## WHAT IS REQUIRED
From the first record to the last, write each one out again exactly.

## GIVEN RECORDS
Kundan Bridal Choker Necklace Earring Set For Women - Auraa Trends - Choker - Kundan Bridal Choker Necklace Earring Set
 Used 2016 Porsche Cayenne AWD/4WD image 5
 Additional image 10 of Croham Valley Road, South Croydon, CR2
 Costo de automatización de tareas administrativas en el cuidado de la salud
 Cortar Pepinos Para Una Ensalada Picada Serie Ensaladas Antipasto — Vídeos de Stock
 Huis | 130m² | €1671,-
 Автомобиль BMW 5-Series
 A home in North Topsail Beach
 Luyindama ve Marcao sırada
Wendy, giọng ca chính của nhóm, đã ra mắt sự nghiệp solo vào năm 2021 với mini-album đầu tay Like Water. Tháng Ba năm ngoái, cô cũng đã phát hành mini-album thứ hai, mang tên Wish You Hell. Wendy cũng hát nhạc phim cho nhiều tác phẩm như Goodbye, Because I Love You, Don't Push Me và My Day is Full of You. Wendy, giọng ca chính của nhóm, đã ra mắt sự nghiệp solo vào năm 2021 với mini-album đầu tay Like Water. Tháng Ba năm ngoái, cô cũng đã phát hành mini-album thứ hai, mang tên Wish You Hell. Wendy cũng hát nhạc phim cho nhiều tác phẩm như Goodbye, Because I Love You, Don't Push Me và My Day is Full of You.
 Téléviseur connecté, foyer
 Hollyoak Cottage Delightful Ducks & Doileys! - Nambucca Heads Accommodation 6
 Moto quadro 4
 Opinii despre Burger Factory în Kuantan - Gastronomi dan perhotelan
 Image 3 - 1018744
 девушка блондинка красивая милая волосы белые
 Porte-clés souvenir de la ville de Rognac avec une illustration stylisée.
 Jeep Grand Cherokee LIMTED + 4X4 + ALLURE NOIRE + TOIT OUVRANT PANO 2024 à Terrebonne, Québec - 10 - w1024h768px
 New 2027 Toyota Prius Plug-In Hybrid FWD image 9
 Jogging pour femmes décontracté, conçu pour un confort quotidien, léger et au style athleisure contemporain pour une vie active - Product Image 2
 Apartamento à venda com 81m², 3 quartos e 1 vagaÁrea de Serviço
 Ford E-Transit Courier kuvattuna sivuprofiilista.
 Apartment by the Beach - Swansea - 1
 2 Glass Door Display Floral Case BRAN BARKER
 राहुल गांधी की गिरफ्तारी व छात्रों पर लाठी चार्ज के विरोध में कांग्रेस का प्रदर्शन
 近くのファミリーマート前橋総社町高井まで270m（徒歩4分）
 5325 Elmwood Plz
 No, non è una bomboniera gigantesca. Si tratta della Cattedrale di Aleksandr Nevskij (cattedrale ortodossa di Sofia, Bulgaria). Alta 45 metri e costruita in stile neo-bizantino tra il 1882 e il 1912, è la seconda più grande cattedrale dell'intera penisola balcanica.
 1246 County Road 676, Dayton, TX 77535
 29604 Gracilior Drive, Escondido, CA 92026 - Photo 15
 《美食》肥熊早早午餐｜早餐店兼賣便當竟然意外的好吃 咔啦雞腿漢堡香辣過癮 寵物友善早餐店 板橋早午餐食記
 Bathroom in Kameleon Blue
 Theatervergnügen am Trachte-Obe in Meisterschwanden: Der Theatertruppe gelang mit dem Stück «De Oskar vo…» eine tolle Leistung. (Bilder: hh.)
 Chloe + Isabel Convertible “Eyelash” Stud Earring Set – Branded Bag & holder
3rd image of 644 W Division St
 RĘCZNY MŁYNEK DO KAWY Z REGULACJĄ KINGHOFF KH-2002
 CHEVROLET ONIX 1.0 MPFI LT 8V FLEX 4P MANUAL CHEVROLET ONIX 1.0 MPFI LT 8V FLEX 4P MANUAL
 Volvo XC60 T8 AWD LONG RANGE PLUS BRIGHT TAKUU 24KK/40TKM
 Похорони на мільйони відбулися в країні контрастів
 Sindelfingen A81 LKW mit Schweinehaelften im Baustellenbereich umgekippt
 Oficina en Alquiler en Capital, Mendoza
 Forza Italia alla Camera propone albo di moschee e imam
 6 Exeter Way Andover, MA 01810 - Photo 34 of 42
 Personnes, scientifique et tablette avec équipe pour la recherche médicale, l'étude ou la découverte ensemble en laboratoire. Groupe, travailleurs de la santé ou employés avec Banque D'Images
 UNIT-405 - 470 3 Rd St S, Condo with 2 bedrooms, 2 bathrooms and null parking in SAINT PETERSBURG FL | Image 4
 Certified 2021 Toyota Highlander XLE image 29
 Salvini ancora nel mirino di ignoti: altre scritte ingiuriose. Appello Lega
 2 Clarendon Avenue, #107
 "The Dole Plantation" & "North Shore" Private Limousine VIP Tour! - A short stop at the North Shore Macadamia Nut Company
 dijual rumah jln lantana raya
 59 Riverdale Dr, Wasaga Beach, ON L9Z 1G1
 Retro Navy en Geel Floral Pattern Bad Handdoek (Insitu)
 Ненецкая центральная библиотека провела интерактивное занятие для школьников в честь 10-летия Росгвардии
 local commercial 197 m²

## ANSWER TO THE PROBLEM
Kundan Bridal Choker Necklace Earring Set For Women - Auraa Trends - Choker - Kundan Bridal Choker Necklace Earring Set
 Used 2016 Porsche Cayenne AWD/4WD image 5
 Additional image 10 of Croham Valley Road, South Croydon, CR2
 Costo de automatización de tareas administrativas en el cuidado de la salud
 Cortar Pepinos Para Una Ensalada Picada Serie Ensaladas Antipasto — Vídeos de Stock
 Huis | 130m² | €1671,-
 Автомобиль BMW 5-Series
 A home in North Topsail Beach
 Luyindama ve Marcao sırada
Wendy, giọng ca chính của nhóm, đã ra mắt sự nghiệp solo vào năm 2021 với mini-album đầu tay Like Water. Tháng Ba năm ngoái, cô cũng đã phát hành mini-album thứ hai, mang tên Wish You Hell. Wendy cũng hát nhạc phim cho nhiều tác phẩm như Goodbye, Because I Love You, Don't Push Me và My Day is Full of You. Wendy, giọng ca chính của nhóm, đã ra mắt sự nghiệp solo vào năm 2021 với mini-album đầu tay Like Water. Tháng Ba năm ngoái, cô cũng đã phát hành mini-album thứ hai, mang tên Wish You Hell. Wendy cũng hát nhạc phim cho nhiều tác phẩm như Goodbye, Because I Love You, Don't Push Me và My Day is Full of You.
 Téléviseur connecté, foyer
 Hollyoak Cottage Delightful Ducks & Doileys! - Nambucca Heads Accommodation 6
 Moto quadro 4
 Opinii despre Burger Factory în Kuantan - Gastronomi dan perhotelan
 Image 3 - 1018744
 девушка блондинка красивая милая волосы белые
 Porte-clés souvenir de la ville de Rognac avec une illustration stylisée.
 Jeep Grand Cherokee LIMTED + 4X4 + ALLURE NOIRE + TOIT OUVRANT PANO 2024 à Terrebonne, Québec - 10 - w1024h768px
 New 2027 Toyota Prius Plug-In Hybrid FWD image 9
 Jogging pour femmes décontracté, conçu pour un confort quotidien, léger et au style athleisure contemporain pour une vie active - Product Image 2
 Apartamento à venda com 81m², 3 quartos e 1 vagaÁrea de Serviço
 Ford E-Transit Courier kuvattuna sivuprofiilista.
 Apartment by the Beach - Swansea - 1
 2 Glass Door Display Floral Case BRAN BARKER
 राहुल गांधी की गिरफ्तारी व छात्रों पर लाठी चार्ज के विरोध में कांग्रेस का प्रदर्शन
 近くのファミリーマート前橋総社町高井まで270m（徒歩4分）
 5325 Elmwood Plz
 No, non è una bomboniera gigantesca. Si tratta della Cattedrale di Aleksandr Nevskij (cattedrale ortodossa di Sofia, Bulgaria). Alta 45 metri e costruita in stile neo-bizantino tra il 1882 e il 1912, è la seconda più grande cattedrale dell'intera penisola balcanica.
 1246 County Road 676, Dayton, TX 77535
 29604 Gracilior Drive, Escondido, CA 92026 - Photo 15
 《美食》肥熊早早午餐｜早餐店兼賣便當竟然意外的好吃 咔啦雞腿漢堡香辣過癮 寵物友善早餐店 板橋早午餐食記
 Bathroom in Kameleon Blue
 Theatervergnügen am Trachte-Obe in Meisterschwanden: Der Theatertruppe gelang mit dem Stück «De Oskar vo…» eine tolle Leistung. (Bilder: hh.)
 Chloe + Isabel Convertible “Eyelash” Stud Earring Set – Branded Bag & holder
3rd image of 644 W Division St
 RĘCZNY MŁYNEK DO KAWY Z REGULACJĄ KINGHOFF KH-2002
 CHEVROLET ONIX 1.0 MPFI LT 8V FLEX 4P MANUAL CHEVROLET ONIX 1.0 MPFI LT 8V FLEX 4P MANUAL
 Volvo XC60 T8 AWD LONG RANGE PLUS BRIGHT TAKUU 24KK/40TKM
 Похорони на мільйони відбулися в країні контрастів
 Sindelfingen A81 LKW mit Schweinehaelften im Baustellenbereich umgekippt
 Oficina en Alquiler en Capital, Mendoza
 Forza Italia alla Camera propone albo di moschee e imam
 6 Exeter Way Andover, MA 01810 - Photo 34 of 42
 Personnes, scientifique et tablette avec équipe pour la recherche médicale, l'étude ou la découverte ensemble en laboratoire. Groupe, travailleurs de la santé ou employés avec Banque D'Images
 UNIT-405 - 470 3 Rd St S, Condo with 2 bedrooms, 2 bathrooms and null parking in SAINT PETERSBURG FL | Image 4
 Certified 2021 Toyota Highlander XLE image 29
 Salvini ancora nel mirino di ignoti: altre scritte ingiuriose. Appello Lega
 2 Clarendon Avenue, #107
 "The Dole Plantation" & "North Shore" Private Limousine VIP Tour! - A short stop at the North Shore Macadamia Nut Company
 dijual rumah jln lantana raya
 59 Riverdale Dr, Wasaga Beach, ON L9Z 1G1
 Retro Navy en Geel Floral Pattern Bad Handdoek (Insitu)
 Ненецкая центральная библиотека провела интерактивное занятие для школьников в честь 10-летия Росгвардии
 local commercial 197 m²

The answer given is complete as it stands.